Thanks for your positive reply…Can someone tell me how to report this bug?in order to avoid headaches to guys who want to implement prefix sum

That document (a published chapter as part of a published book) is unlikely to be changed.

Anyone who wants to implement a prefix sum can do so based on the material in that chapter but should not do so blindly without testing it (which is true for any other provided code, as well.)

If you’re interested in a fast high performance prefix sum, you’re advised to use thrust or cub anyway, not the material there, which is incomplete and provided for learning purposes. (For example, it only works within a threadblock, as written, not device-wide).

If you want to file a bug with nvidia, register as a developer at developer.nvidia.com and file the bug using the portal there.

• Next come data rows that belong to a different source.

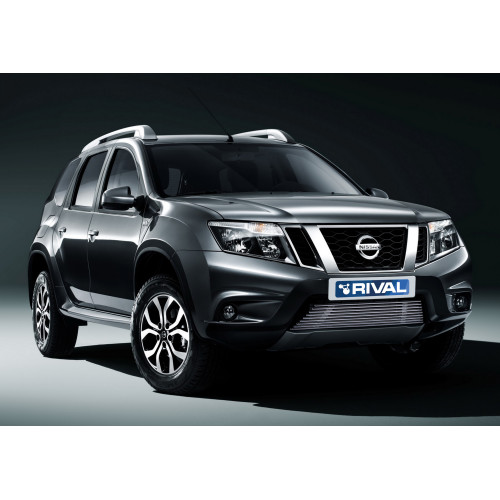 Решетка бампера d10 RIVAL Nissan Terrano 2014-  G.4119.001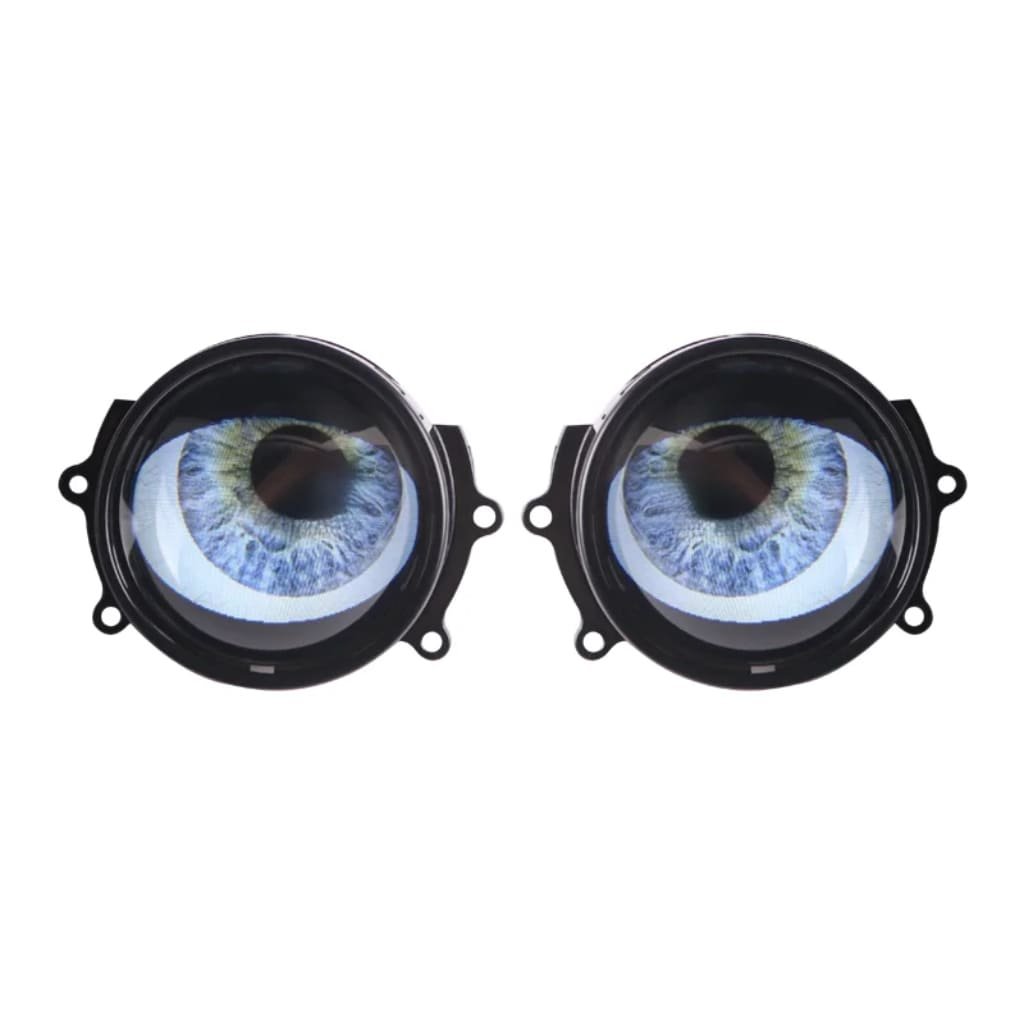 Synced Programmable Devil Eyes Lens with Remote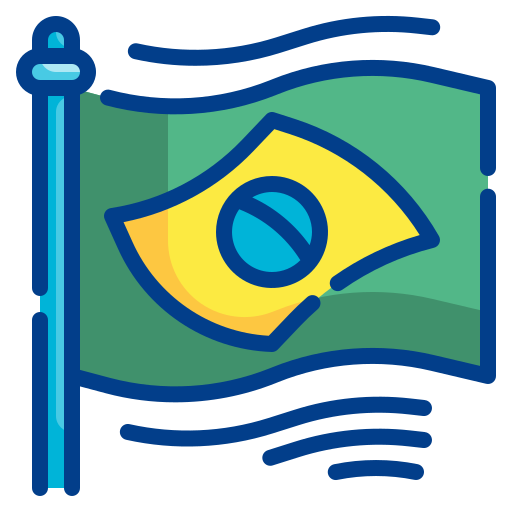 bandera de brasil icono gratis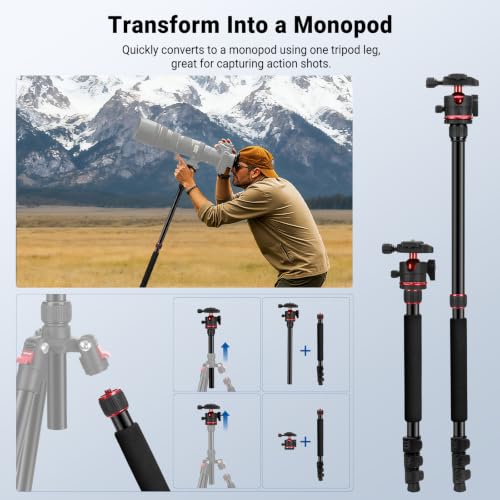 NEEWER tripod legs with non slip rubber feet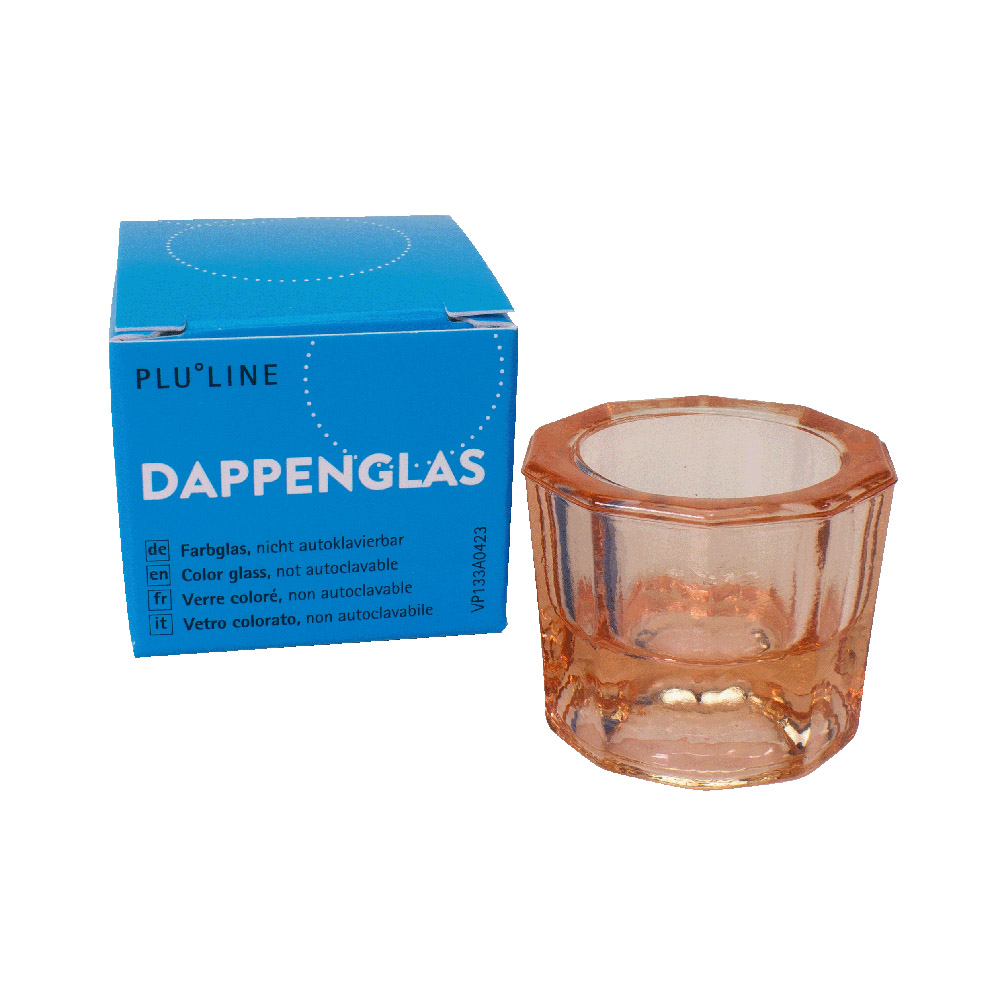 PLULINE Dappenglas rosalin, Stück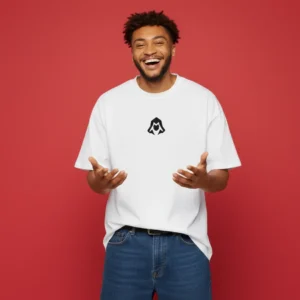 Identity hider Dropshoulder White T-shirt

Thanks for your reply, I’ve sent the bug.

I’ve used that code as a base in order to execute a recurrence equation

FYI, the author Harris who wrote this article mentioned in a post:
quote “I wrote that code and co-wrote the article, and I request that you use the article only for learning about scan algorithms, and do not use the code in it. It was written when CUDA was new, and I was new to CUDA.”
You can find it in the post above.

Thank you, I’ve found an interesting link inside stackoverflow…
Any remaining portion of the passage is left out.